RMSE for NMF-based predictions: 3.729573183874525


# Below are the results from the previous week's assignment using cosine similarity in the collaborative method. 

As we can see the RMSE for the same sample data created, the RMSE for NMF above is almost 4 times high as the similarity based method. 

Cosine Similarity RMSE: 1.0263081874204125

![Results from week 3 cossine similarirty results](./similarity_comparisons.png)

NMF and cosine similarity differ in their RMSE performance due to a few key reasons:

- Handling Sparse Data: NMF struggles with the sparse matrices common in user item data, as it tries to approximate all entries, which can lead to higher errors. In contrast, cosine similarity focuses only on overlapping entries between vectors, making it more effective for sparse datasets.

- Sensitivity to Data Scale: NMF's performance is sensitive to the scale of the input data, which can affect the approximation error.

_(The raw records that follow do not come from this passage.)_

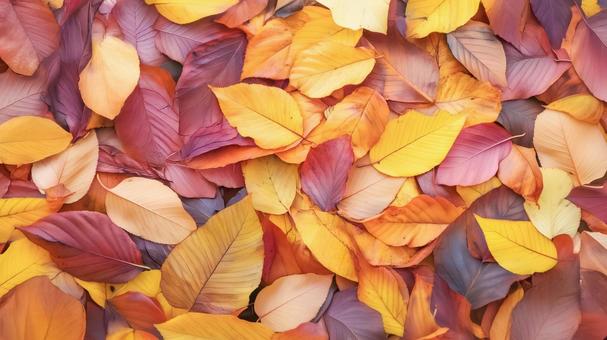 敷き詰められた暖色系の落ち葉の背景画像 敷き詰められた暖色系の落ち葉の背景画像の写真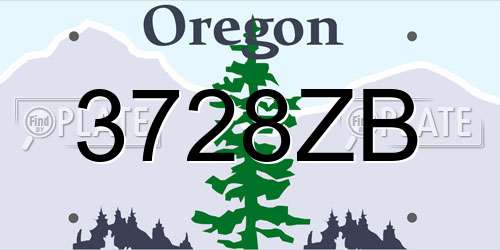 3728ZB Oregon License Plate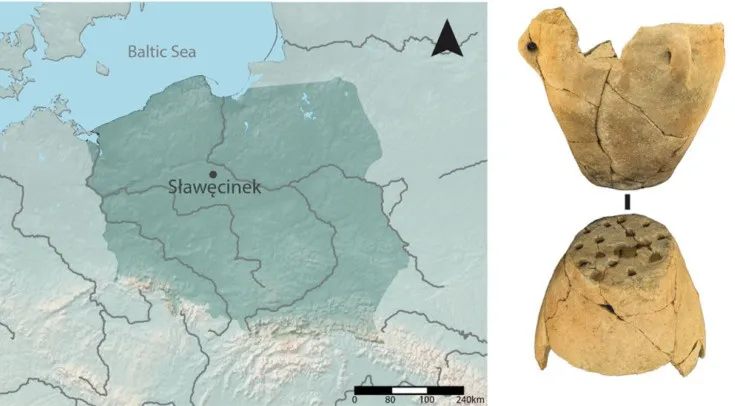 Древнє сироваріння Древнє сироваріння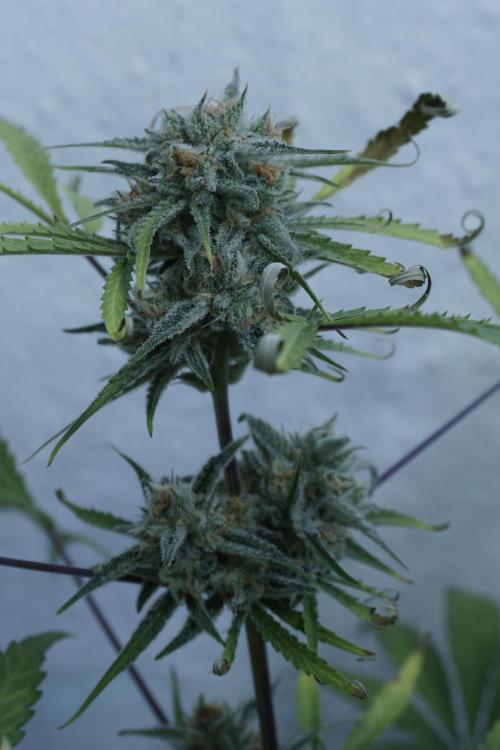 Lemon Pie Auto - Sonnenerde. Week 12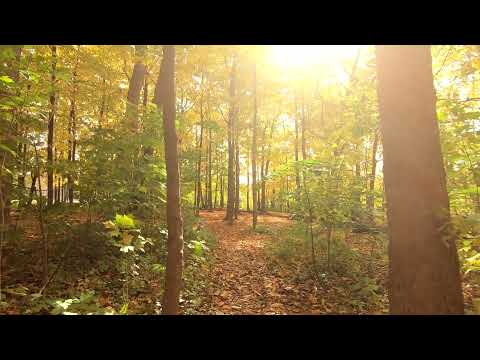 D'jaimin feat. Jamie - Nothing Matters At All (Mike Teri Remix)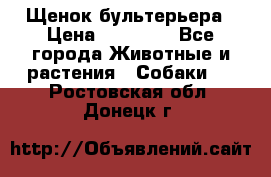 Щенок бультерьера › Цена ­ 35 000 - Все города Животные и растения » Собаки   . Ростовская обл.,Донецк г.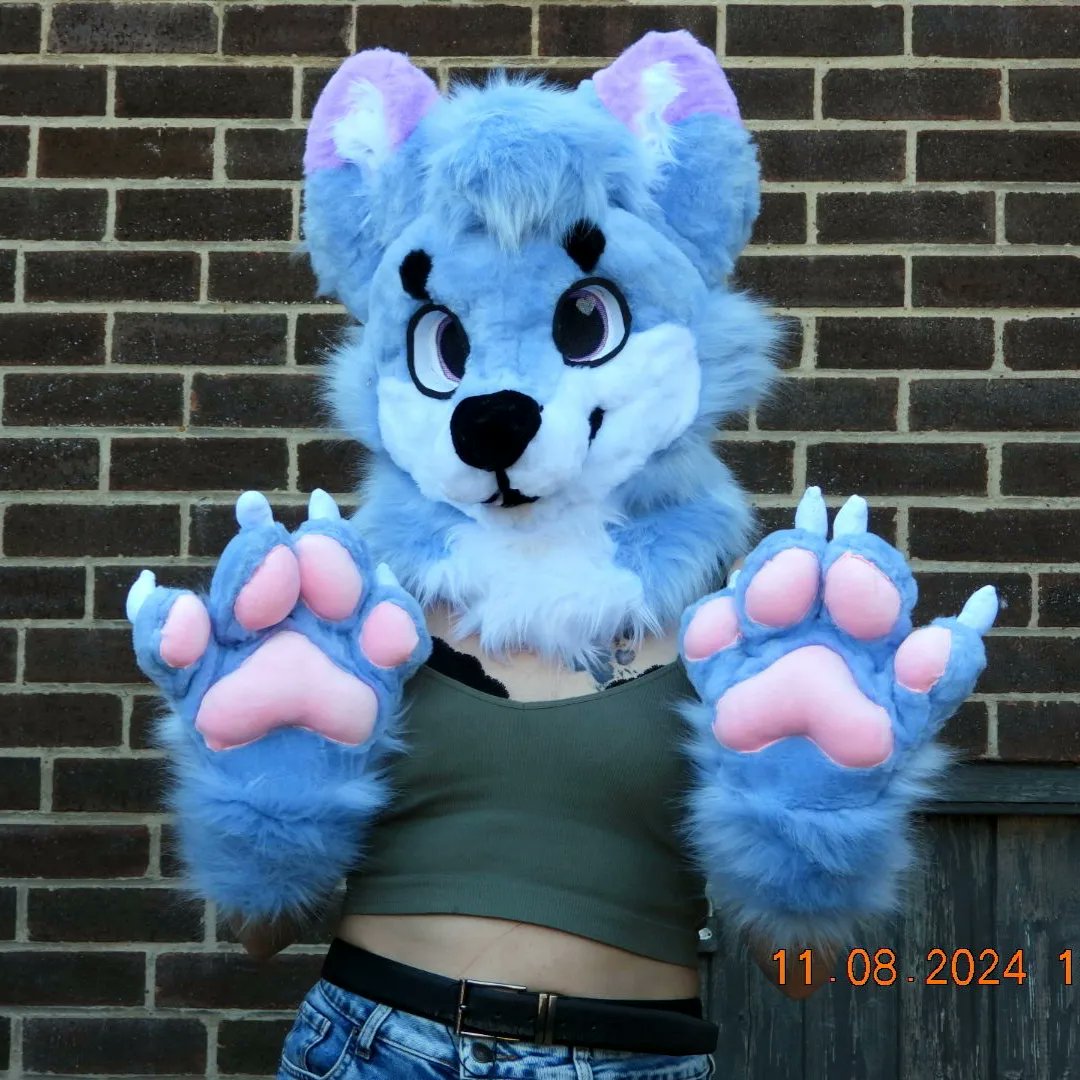 Aiko_Studios_'s tweet photo. Here's the last partial that I completed a good few months ago :) hope you enjoy 

#fursuitmaker #fursuitmaking #furryfandom #fursona #fursuit #fursuitfriday #furrys #furry #fursuits #furrycommissions #fursuiter #furrypride #fursuittail #furrycommunity #ukfurries #ukfursuitmaker https://t.co/lh1H7NtqrZ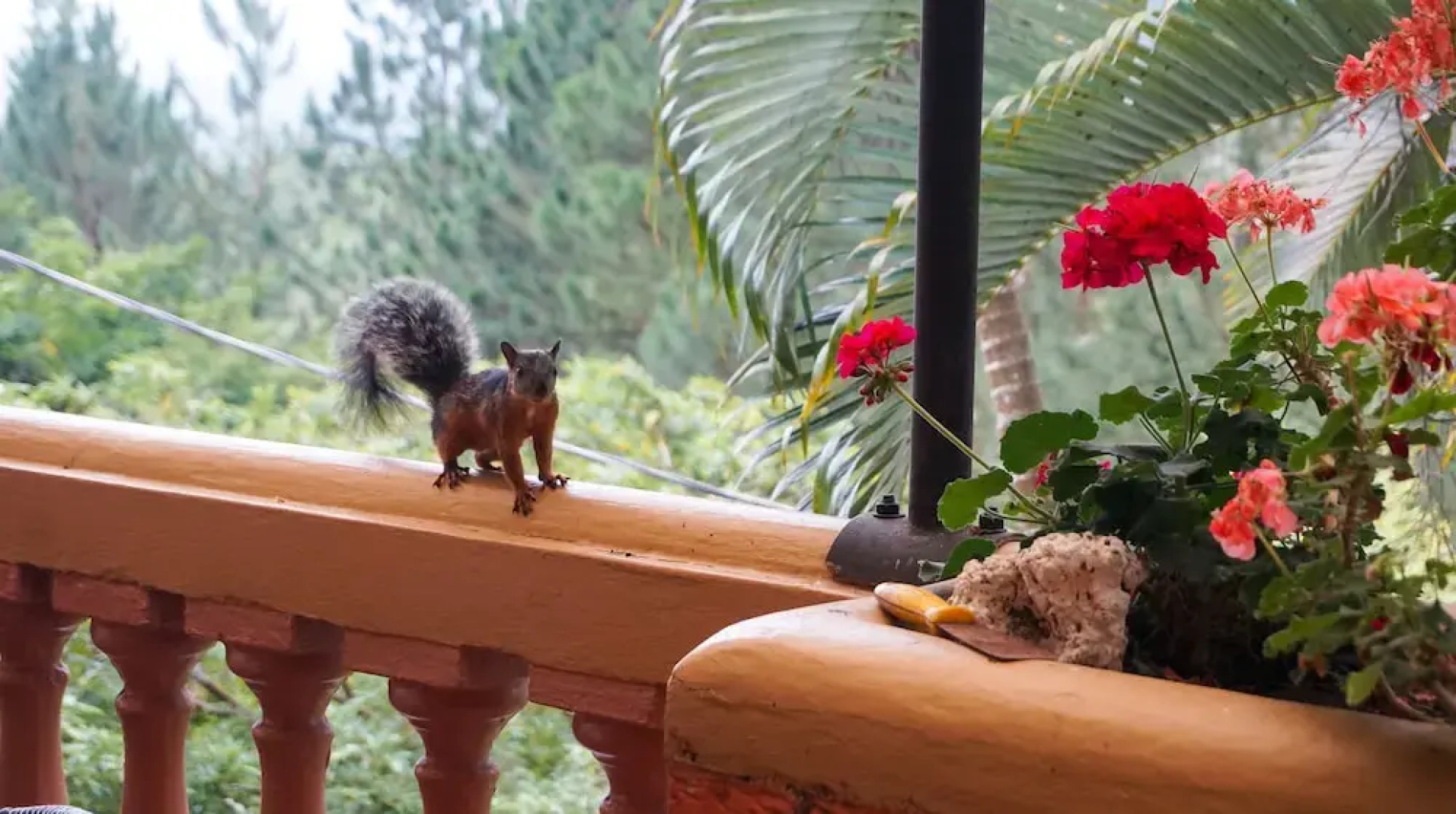 Cabañas La Naciente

On the other hand, cosine similarity is scale invariant since it measures the angle between vectors, making it robust to variations in user rating scales.

- Model Complexity and Overfitting: NMF has a higher risk of overfitting due to its complexity, especially when there are many items relative to users. Cosine similarity, being simpler and more interpretable, is less prone to overfitting.